Cadetes da Academia Militar das Agulhas Negras: centro de excelência forma oficiais e, depois, muitos deles se sentem compelidos a deixar o Exército por questões salariais (Foto: Agência Brasil)
Até o final de julho, nada menos do que 101 oficiais de carreira pediram demissão do Exército Brasileiro, entre eles 26 formados na Academia Militar das Agulhas Negras (AMAN), reconhecido centro de excelência.
Não há levantamentos disponíveis sobre esse total, mas estima-se que na esmagadora maioria dos casos a desistência da carreira militar — outrora caminho seguro para uma vida sem grandes atribulações econômicas — se deve aos baixos salários pagos às Forças Armadas.
A média de saída do Exército é neste ano de 14,4 oficiais por mês, sendo 3,7 provenientes das Agulhas Negras.
Entre os que deram baixa definitiva, há dois majores, 12 capitães e 11 tenentes.
Segundo informa o blog Montedo.com, um dos muitos dedicados a informações sobre as Forças Armadas e os militares, “nesse ritmo, teremos 173 oficiais fora do Exército Brasileiro até o final do ano, sendo 44 [provenientes] da AMAN”.
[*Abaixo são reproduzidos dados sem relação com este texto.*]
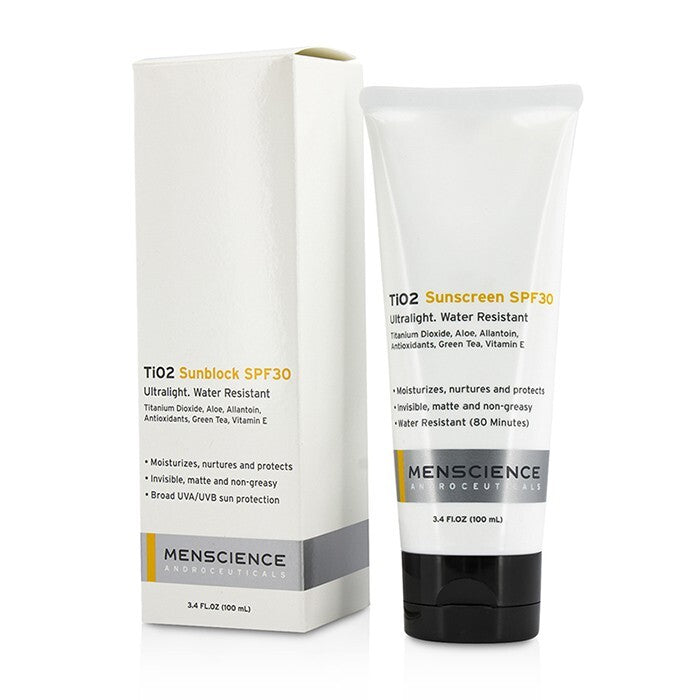 Menscience TiO2 Sun Block SPF 30 Waterproof 100ml/3.4oz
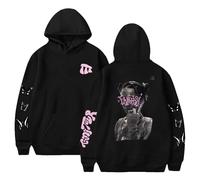 RYSXJLX Tini Stoessel Fantasi Sudadera con capucha unisex casual moda retro clásica sudadera Streetwear, Negro, S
Os dados do blog Montedo foram colhidos nos Boletins do Exército, emitidos pela Secretaria Geral, órgão responsável por dar divulgação aos atos administrativos. O levantamento foi realizado por um capitão.
No momento, não tenho informações concretas a respeito, mas o panorama, proporcionalmente ao tamanho das duas Forças, deve estar ocorrendo também na Força Aérea (que tradicionalmente perde pilotos treinados para a aviação comercial) e na Marinha.